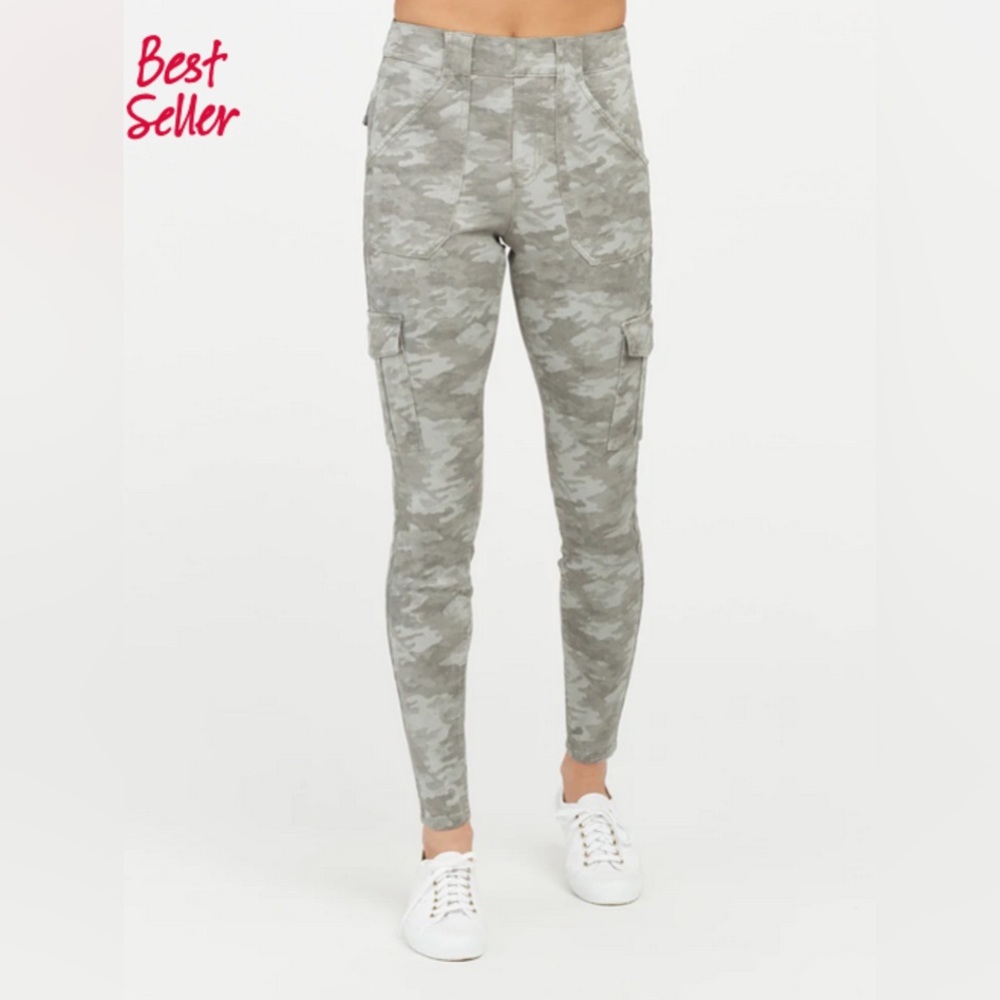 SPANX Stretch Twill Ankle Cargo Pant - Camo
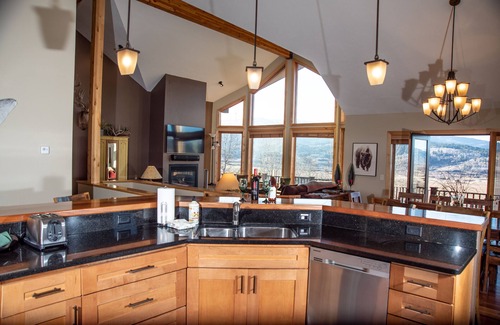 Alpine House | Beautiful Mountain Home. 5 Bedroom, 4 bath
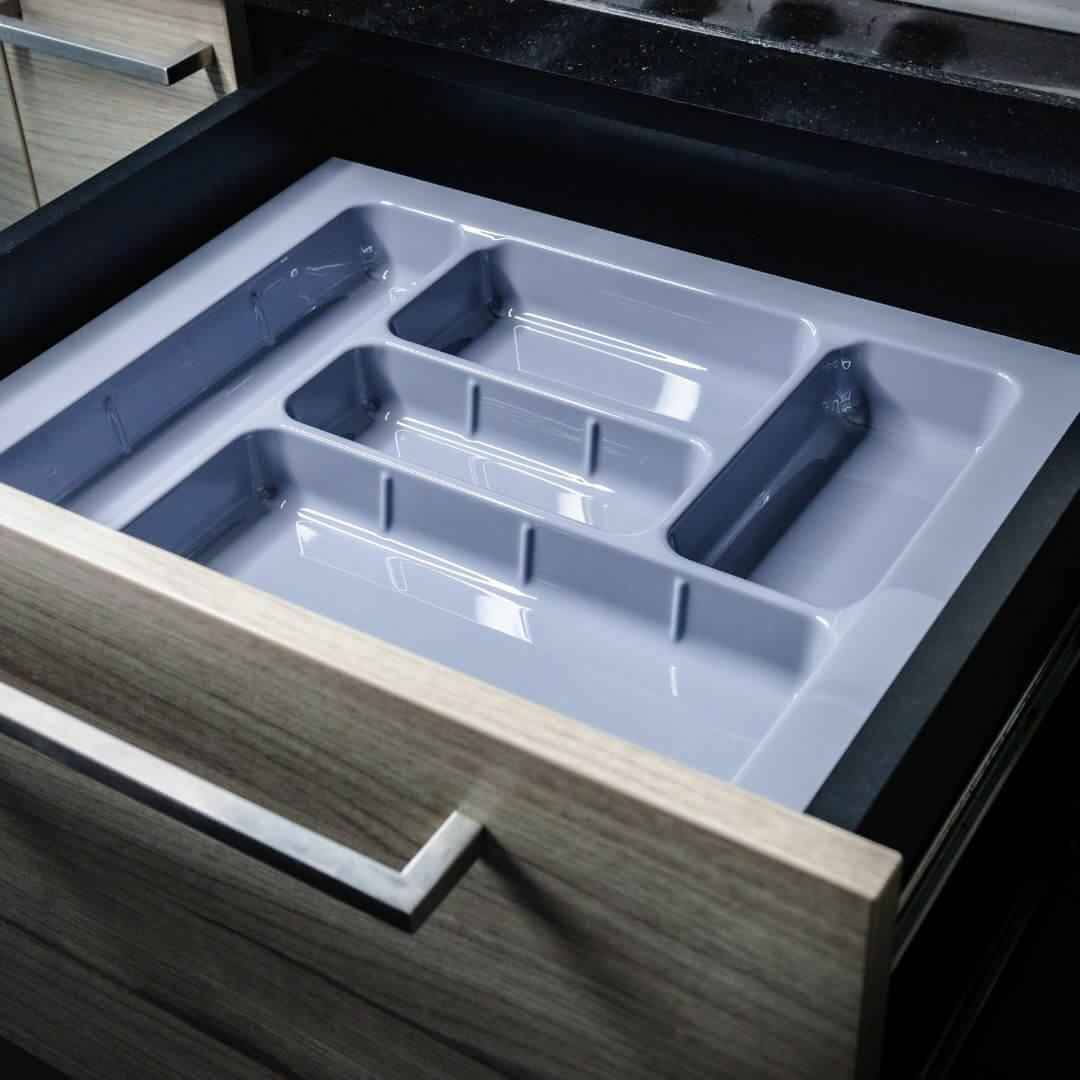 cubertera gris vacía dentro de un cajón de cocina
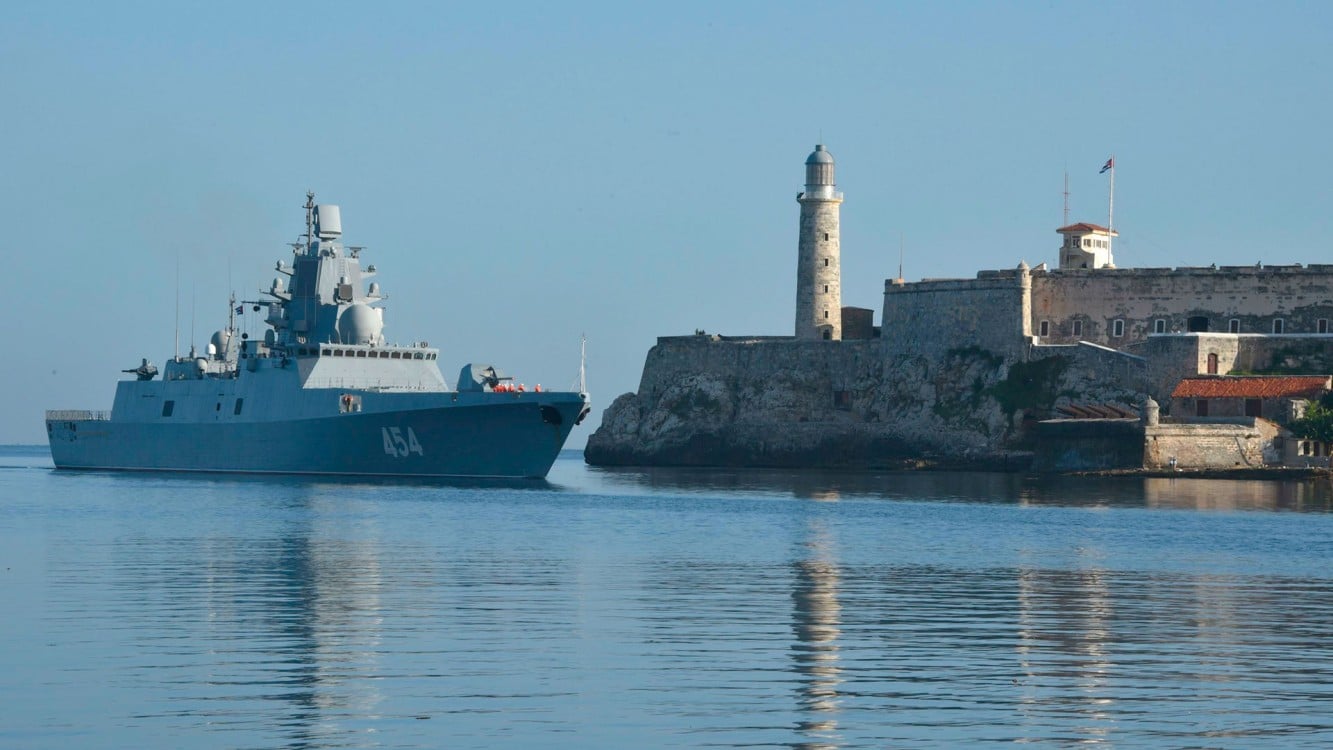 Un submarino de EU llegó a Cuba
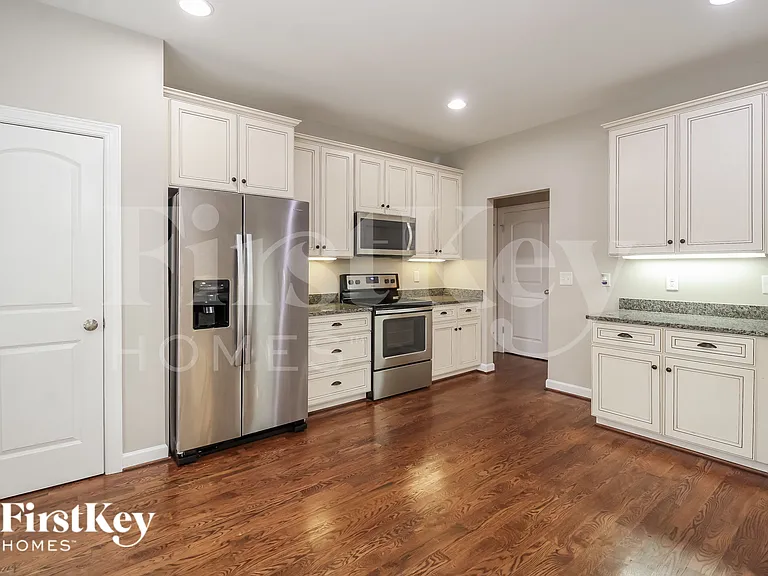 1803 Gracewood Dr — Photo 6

=====

*TASK OBJECTIVE*. Retype each line of the records exactly as it reads; no pictures belong in the copy.

*EXERCISE RESULT*.
 SPANX Stretch Twill Ankle Cargo Pant - Camo
 Alpine House | Beautiful Mountain Home. 5 Bedroom, 4 bath
 cubertera gris vacía dentro de un cajón de cocina
 Un submarino de EU llegó a Cuba
 1803 Gracewood Dr — Photo 6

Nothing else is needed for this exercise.